▶ TASK DESCRIPTION: Copy out exactly the stretch below, from the line with "Karben Junior Skull Cap in Black" through the line with "Obituary-KNUDTSON Gertrude (Olson)", both included; the pictures stay out.

▶ MATERIAL SHOWN:

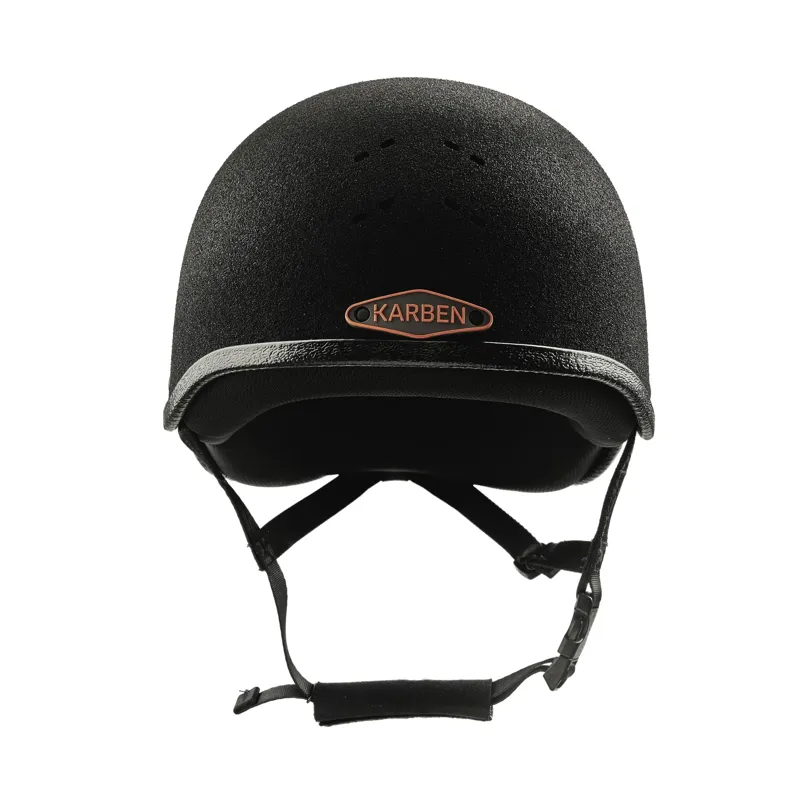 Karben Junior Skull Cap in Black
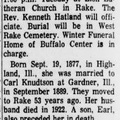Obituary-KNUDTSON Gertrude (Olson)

--

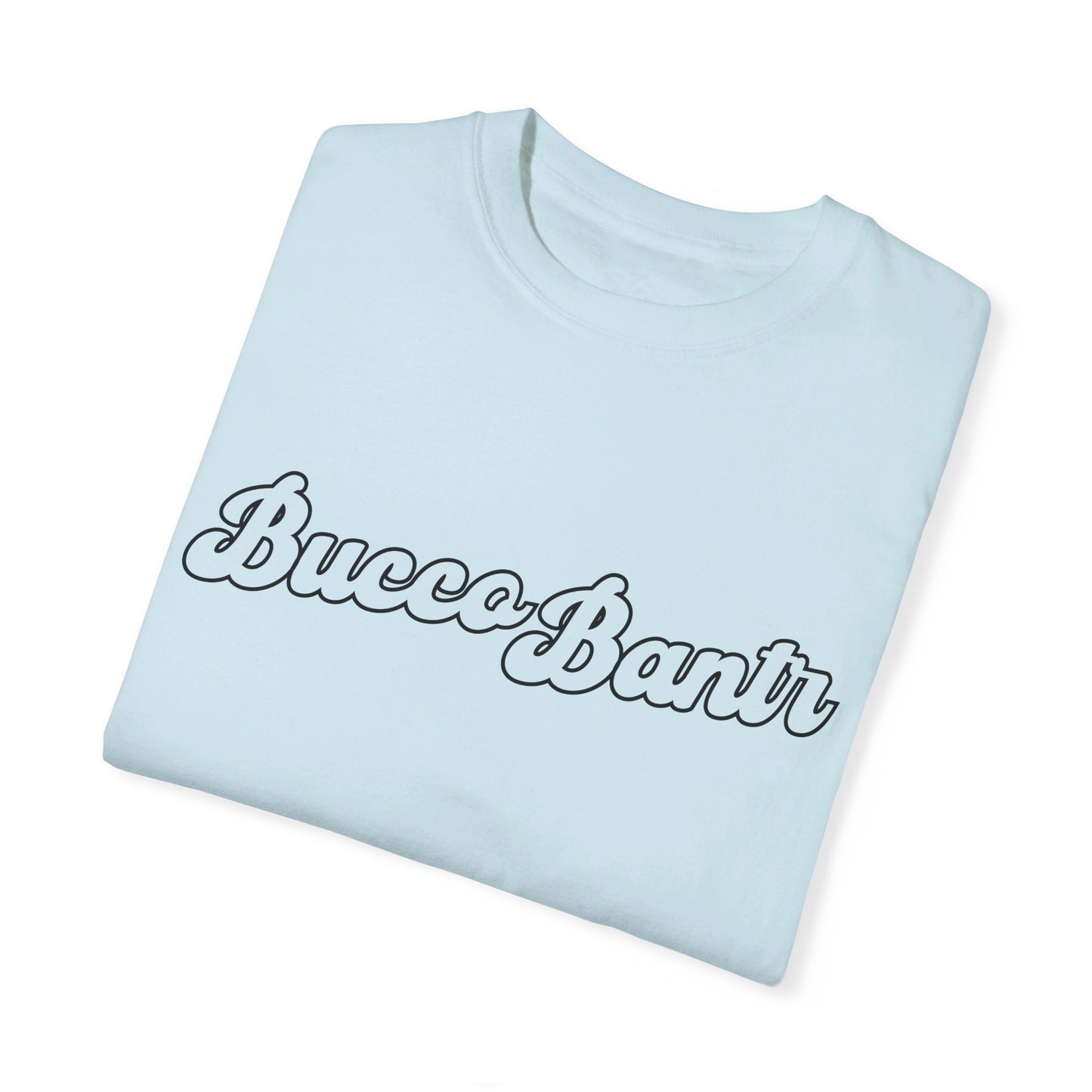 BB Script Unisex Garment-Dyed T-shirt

▶ EXERCISE OUTPUT:
 Karben Junior Skull Cap in Black
Obituary-KNUDTSON Gertrude (Olson)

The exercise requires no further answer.